- [Work request]: Please print exactly the lines from the one containing "Organizadas do Corinthians" through the last line of the records, and only those. Leave out any pictures.

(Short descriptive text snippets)
───
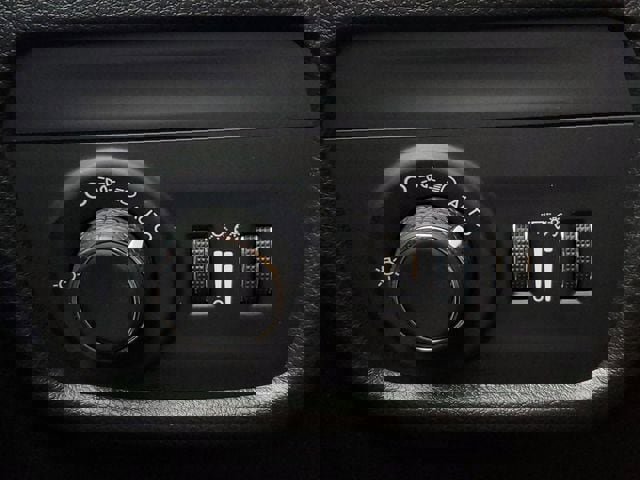 Certified 2025 Jeep Grand Cherokee Laredo X w/ Luxury Tech Group I image 37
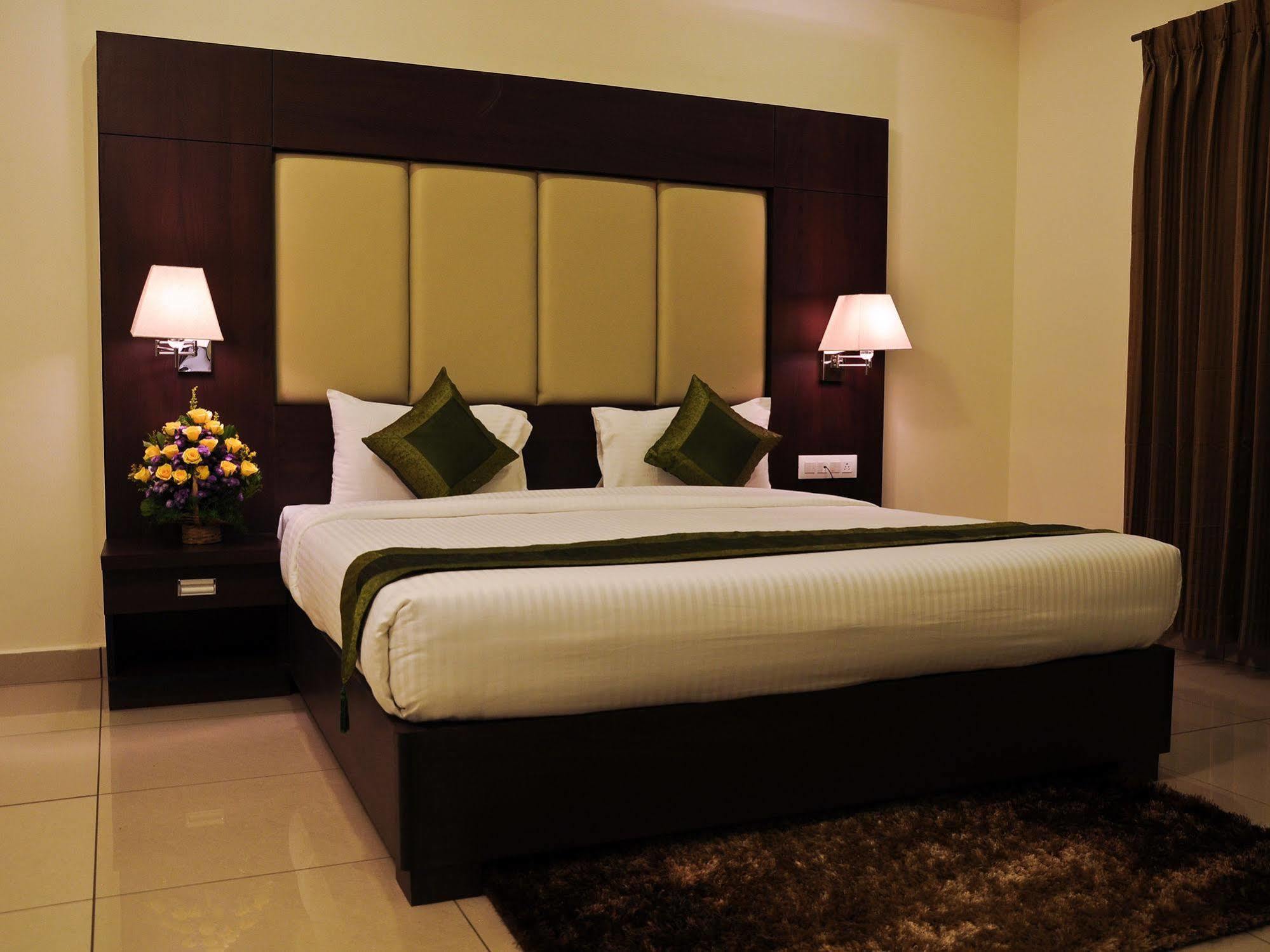 Hotel Golden Castle Hotel 3*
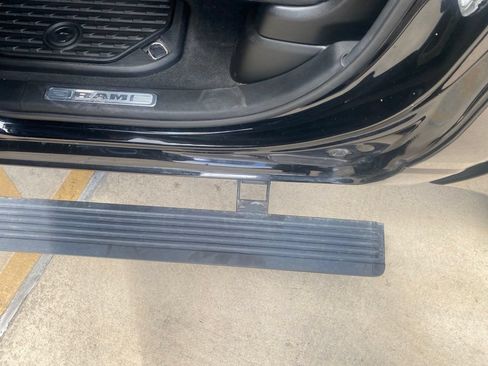 Used 2022 RAM 1500 Laramie w/ Laramie Southwest Edition AWD/4WD image 12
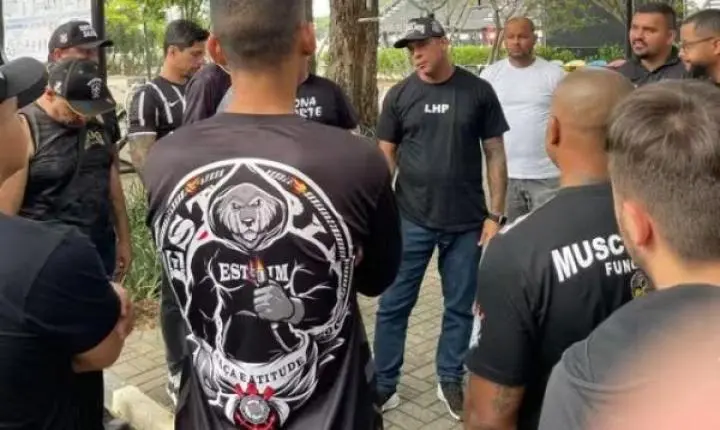 Organizadas do Corinthians se reúnem com Stabile e pedem saída de Paz e afastamento de Memphis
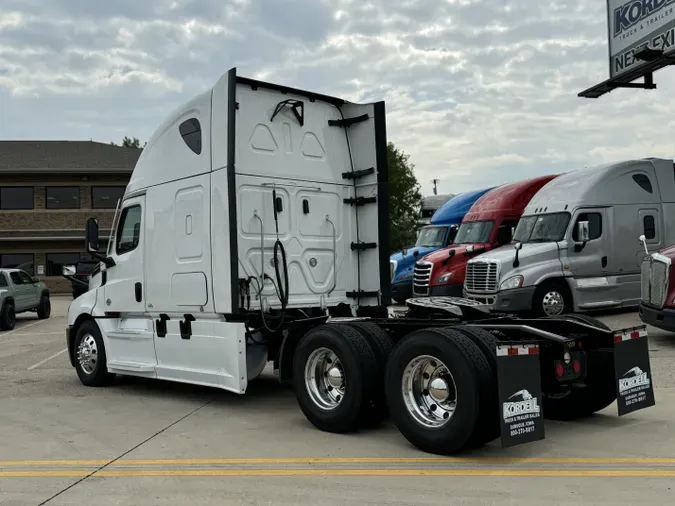 2022 FREIGHTLINER Cascadia 126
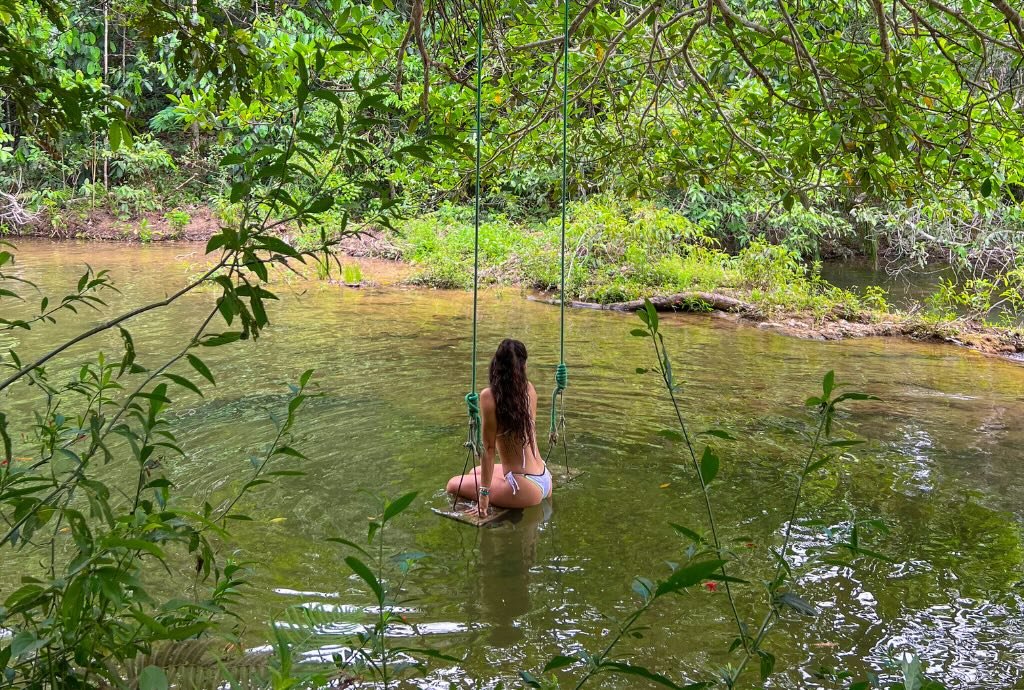 Balanço em meio às águas cristalinas da Fazenda.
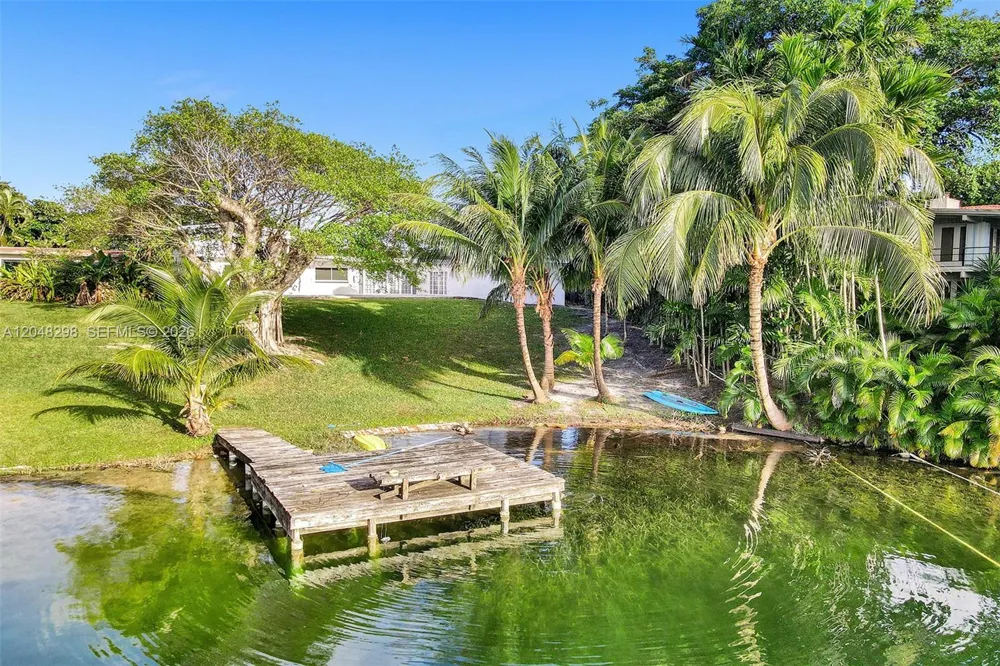 19260 NE 22nd Ave North Miami Beach, FL 33180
───
- [Solution to the exercise]:
 Organizadas do Corinthians se reúnem com Stabile e pedem saída de Paz e afastamento de Memphis
 2022 FREIGHTLINER Cascadia 126
 Balanço em meio às águas cristalinas da Fazenda.
 19260 NE 22nd Ave North Miami Beach, FL 33180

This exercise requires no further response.